*What you have to do:* From the line with "Подержанный автомобиль Land" to the last line of the data below, repeat every line exactly and add nothing.

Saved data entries
"""
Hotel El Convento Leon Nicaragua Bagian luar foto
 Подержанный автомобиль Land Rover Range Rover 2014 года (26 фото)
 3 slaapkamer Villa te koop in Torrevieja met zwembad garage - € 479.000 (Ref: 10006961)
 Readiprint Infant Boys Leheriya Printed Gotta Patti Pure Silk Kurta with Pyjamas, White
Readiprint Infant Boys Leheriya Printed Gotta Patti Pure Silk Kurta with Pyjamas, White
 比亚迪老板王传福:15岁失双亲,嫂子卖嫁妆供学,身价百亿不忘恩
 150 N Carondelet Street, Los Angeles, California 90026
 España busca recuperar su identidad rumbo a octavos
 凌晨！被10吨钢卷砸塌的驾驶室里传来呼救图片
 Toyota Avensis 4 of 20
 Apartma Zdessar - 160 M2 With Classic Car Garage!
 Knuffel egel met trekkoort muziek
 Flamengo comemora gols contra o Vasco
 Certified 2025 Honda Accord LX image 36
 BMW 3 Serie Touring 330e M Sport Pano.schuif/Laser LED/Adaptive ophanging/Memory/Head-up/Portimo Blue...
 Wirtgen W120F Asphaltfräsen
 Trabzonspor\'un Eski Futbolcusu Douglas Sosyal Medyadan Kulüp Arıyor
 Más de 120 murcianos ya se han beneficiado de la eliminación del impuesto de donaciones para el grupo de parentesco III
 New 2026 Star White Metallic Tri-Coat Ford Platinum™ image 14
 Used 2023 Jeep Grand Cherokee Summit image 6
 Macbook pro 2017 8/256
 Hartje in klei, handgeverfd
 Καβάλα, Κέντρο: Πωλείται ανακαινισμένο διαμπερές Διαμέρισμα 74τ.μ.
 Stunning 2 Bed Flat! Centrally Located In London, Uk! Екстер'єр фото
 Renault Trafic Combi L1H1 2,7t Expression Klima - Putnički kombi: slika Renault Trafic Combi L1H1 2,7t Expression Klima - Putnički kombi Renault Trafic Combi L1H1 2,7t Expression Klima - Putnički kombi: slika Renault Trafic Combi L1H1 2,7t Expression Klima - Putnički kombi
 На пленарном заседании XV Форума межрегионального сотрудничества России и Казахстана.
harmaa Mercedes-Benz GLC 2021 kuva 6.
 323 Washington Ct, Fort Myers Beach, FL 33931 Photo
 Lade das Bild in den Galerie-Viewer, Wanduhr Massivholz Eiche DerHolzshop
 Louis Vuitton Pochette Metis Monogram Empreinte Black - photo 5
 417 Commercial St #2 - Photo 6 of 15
"""
*Written answer:*
 Подержанный автомобиль Land Rover Range Rover 2014 года (26 фото)
 3 slaapkamer Villa te koop in Torrevieja met zwembad garage - € 479.000 (Ref: 10006961)
 Readiprint Infant Boys Leheriya Printed Gotta Patti Pure Silk Kurta with Pyjamas, White
Readiprint Infant Boys Leheriya Printed Gotta Patti Pure Silk Kurta with Pyjamas, White
 比亚迪老板王传福:15岁失双亲,嫂子卖嫁妆供学,身价百亿不忘恩
 150 N Carondelet Street, Los Angeles, California 90026
 España busca recuperar su identidad rumbo a octavos
 凌晨！被10吨钢卷砸塌的驾驶室里传来呼救图片
 Toyota Avensis 4 of 20
 Apartma Zdessar - 160 M2 With Classic Car Garage!
 Knuffel egel met trekkoort muziek
 Flamengo comemora gols contra o Vasco
 Certified 2025 Honda Accord LX image 36
 BMW 3 Serie Touring 330e M Sport Pano.schuif/Laser LED/Adaptive ophanging/Memory/Head-up/Portimo Blue...
 Wirtgen W120F Asphaltfräsen
 Trabzonspor\'un Eski Futbolcusu Douglas Sosyal Medyadan Kulüp Arıyor
 Más de 120 murcianos ya se han beneficiado de la eliminación del impuesto de donaciones para el grupo de parentesco III
 New 2026 Star White Metallic Tri-Coat Ford Platinum™ image 14
 Used 2023 Jeep Grand Cherokee Summit image 6
 Macbook pro 2017 8/256
 Hartje in klei, handgeverfd
 Καβάλα, Κέντρο: Πωλείται ανακαινισμένο διαμπερές Διαμέρισμα 74τ.μ.
 Stunning 2 Bed Flat! Centrally Located In London, Uk! Екстер'єр фото
 Renault Trafic Combi L1H1 2,7t Expression Klima - Putnički kombi: slika Renault Trafic Combi L1H1 2,7t Expression Klima - Putnički kombi Renault Trafic Combi L1H1 2,7t Expression Klima - Putnički kombi: slika Renault Trafic Combi L1H1 2,7t Expression Klima - Putnički kombi
 На пленарном заседании XV Форума межрегионального сотрудничества России и Казахстана.
harmaa Mercedes-Benz GLC 2021 kuva 6.
 323 Washington Ct, Fort Myers Beach, FL 33931 Photo
 Lade das Bild in den Galerie-Viewer, Wanduhr Massivholz Eiche DerHolzshop
 Louis Vuitton Pochette Metis Monogram Empreinte Black - photo 5
 417 Commercial St #2 - Photo 6 of 15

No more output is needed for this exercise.